Retype all data exactly as given. Pictures should not be retyped.

▶ Data excerpt
---
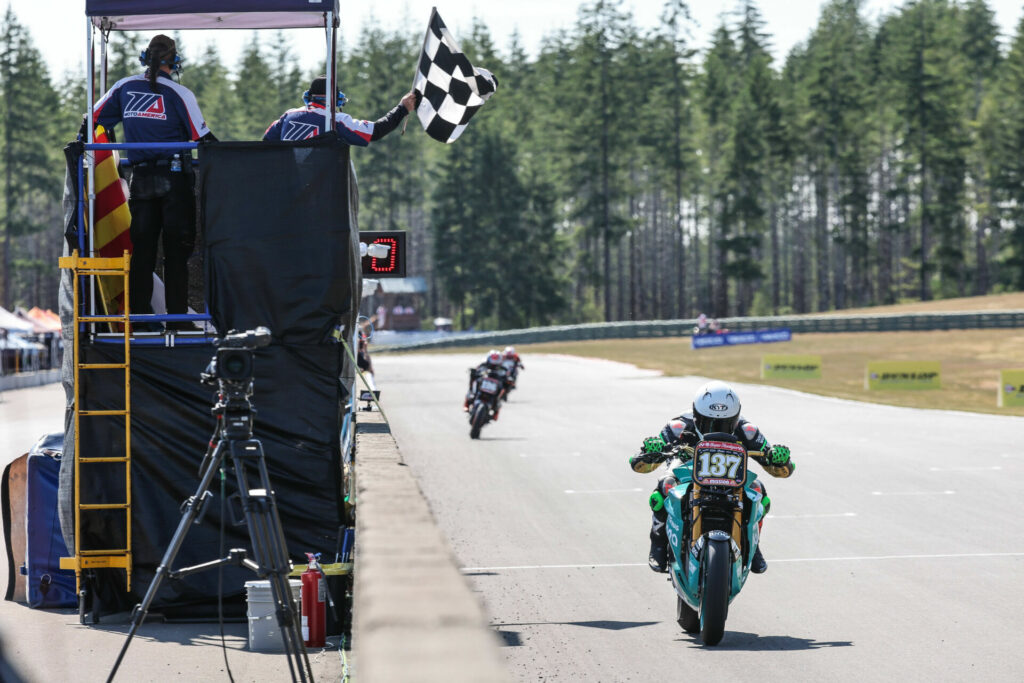 Stefano Mesa (137) takes the checkered flag on his Energica Eva Ribelle RS electric racebike. Photo by Brian J. Nelson, courtesy Energica.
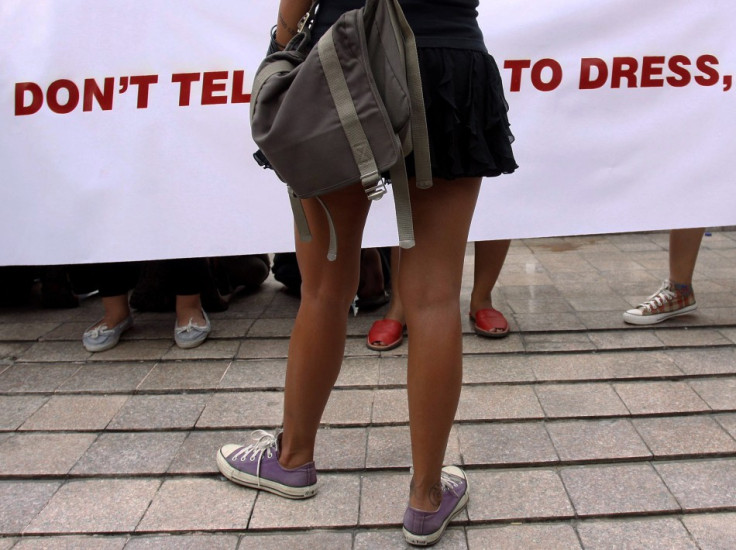 A woman wearing a miniskirt takes part in a protest against the idea that provocatively dressed women are to blame for sexual assaults, in Jakarta September 18, 2011.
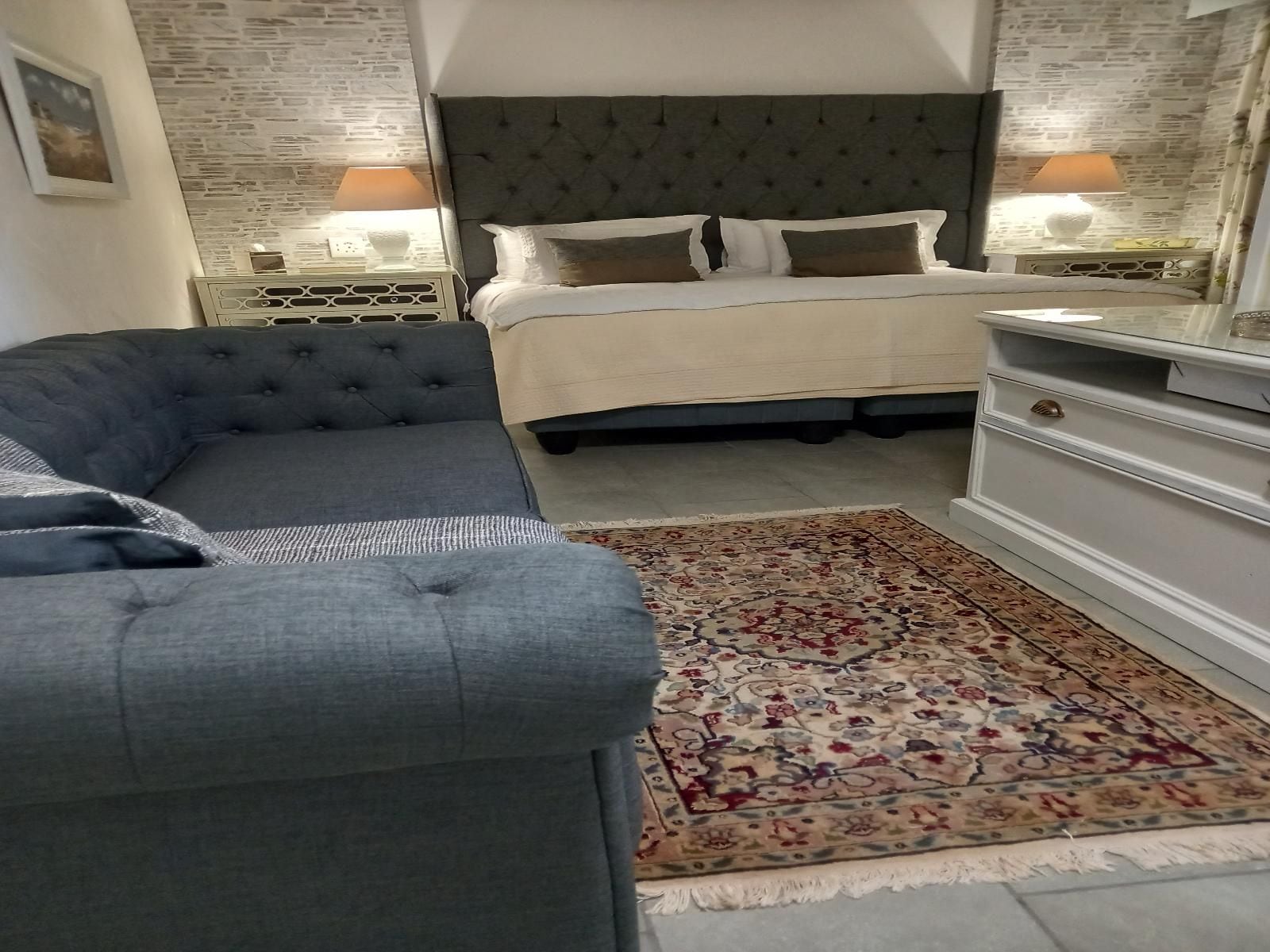 A bedroom with a bed, a grey sofa, a patterned rug, and a dresser.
---
▶ Exercise response
 Stefano Mesa (137) takes the checkered flag on his Energica Eva Ribelle RS electric racebike. Photo by Brian J. Nelson, courtesy Energica.
 A woman wearing a miniskirt takes part in a protest against the idea that provocatively dressed women are to blame for sexual assaults, in Jakarta September 18, 2011.
 A bedroom with a bed, a grey sofa, a patterned rug, and a dresser.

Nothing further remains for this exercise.